ST. GEORGE, Utah — It stands on six acres, majestically 175 feet high, white against a bright blue Utah sky: the St. George Utah Temple, dedicated in 1877.

It was a work of religious necessity and love by Mormon pioneers including Republican Party presidential nominee Mitt Romney’s great-great grandfather, Miles Romney (July 13, 1806 – May 3, 1877), who was superintendent of the construction on the temple, Utah’s first Latter-day Saints temple. All that focus, intense concentration and time put in years ago built a visual “branding” for the city of St. George that will endure for years.

The Republican Party of 2012 now faces a similar prospect in its own branding — but not in the way you think.

No, I’m not referring to the heavy talk show host influence on the party’s tone and substance, or the power inroads made by party activists and Tea Party movement members against the Republican Party’s professional political establishment. I’m not even talking about severe imagery problems Republicans face among Latinos, African-Americans and non-Baby Boomer generations of women.

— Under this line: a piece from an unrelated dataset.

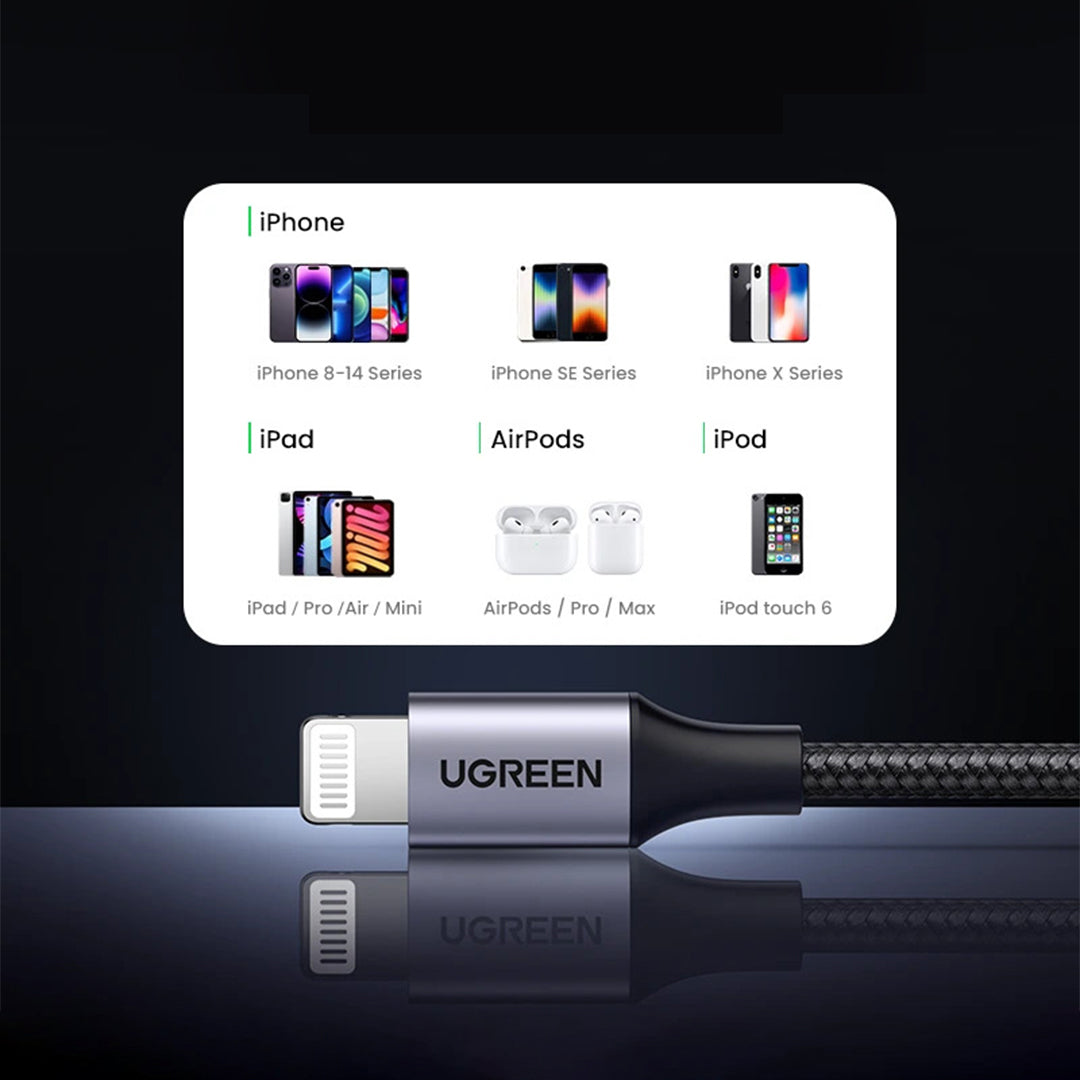 Kabell USB-A Ne Lightning MFi 2.4A UGreen 1.5m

Today, across the country, Republicans seem to be working overtime to underwrite lawyers to either keep voters away from the polls who they feel might not vote for them or to control ballot listings that could siphon votes away from their Presidential nominee. Yes, there are GOP political spinner defensive talking points on this but, kiddies, when you look at the pattern, they just don’t convince.

In Virginia, ex-Republican Congressman Virgil Goode, Jr. has now qualified to be on the ballot. The state Republican Party is contending some signatures used to get him on the ballot are fraudulent — and they vow to get him off it. He’ll run as Presidential candidate for the conservative Constitution Party, with a boost from the Independent Green Party for championing spending more money on passenger rail. A Public Policy Polling poll suggests Goode could garner 5 to 9 percent of the vote, which could swing the state to Barack Obama.

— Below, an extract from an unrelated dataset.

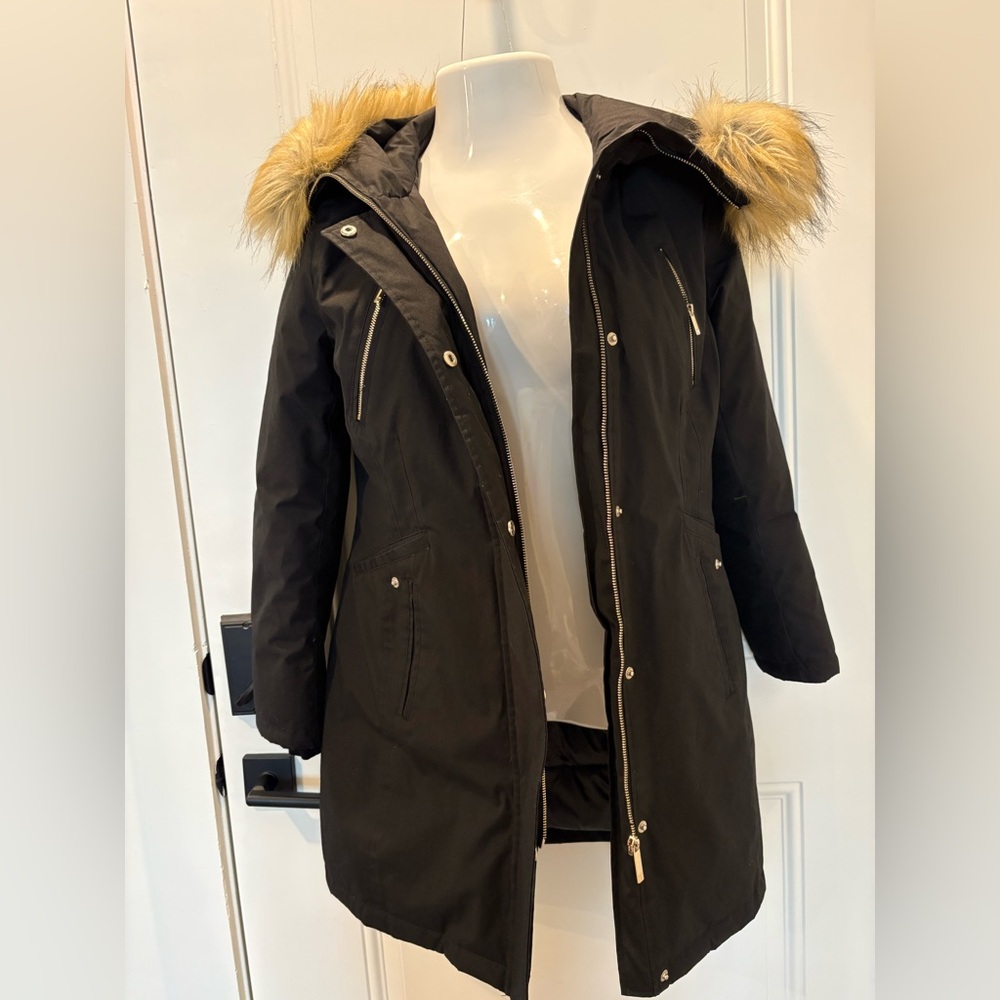 Ivanka Trump Black Ski Jacket with Faux Fur Hood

The GOP’s problem: independent voters like being offered more choices. It’s an extremely sore point for some of them the way America’s political system is rigged to squelch third parties. Also: Goode is not some Joe Shmo, but someone who has been on Virginia’s political scene for 24 years. If the state Republican Party gets him off the ballot it’ll be a big story, and Republicans’ imagery will be hurt.

Meanwhile, Nevada has had a “None of the above” voting option on its ballot since 1976. But this year, for some strange reason — as a recent poll shows the state now at 49 percent Obama and 47.9 percent Mitt Romney — a Republican judge appointed by George Bush assigned himself to hear a legal challenge from the Republican National Committee to get it off the ballot and tried to nix it. Why didn’t the RNC go to court in 2004 when Bush was running for re-election?

The Associated Press: “A three-judge panel of the 9th U.S. Circuit Court of Appeals in San Francisco blocked the injunction... and had strong words for U.S. District Judge Robert Jones, who last month declared the voting option unconstitutional and struck it from the ballot.” The bottom line: this imagery will not help Romney and the GOP.

Why? Because it’s coupled with other imagery from GOP-written voter ID and access law controversies in some 10 states including Florida, Ohio, Pennsylvania, Wisconsin, South Carolina and Texas. The current context matters. Romney desperately needed the Republican convention to flesh out his identity and likeability, but it instead branded itself the “You Didn’t Build That Empty Chair” convention. He got little or a negative bounce. The Democrats’ convention focused on reconstituting its winning coalition and wooing independents. Obama got a good bounce.

If Republicans’ legal measures to control how votes are cast and who can vote succeed, it will impact their imagery “branding.” Even if Republicans fail, the image of a frantically GOP trying to plug holes in a political sieve will be a blow to its branding edifice. One thing can be said to the GOP about their new image: “You did build it.”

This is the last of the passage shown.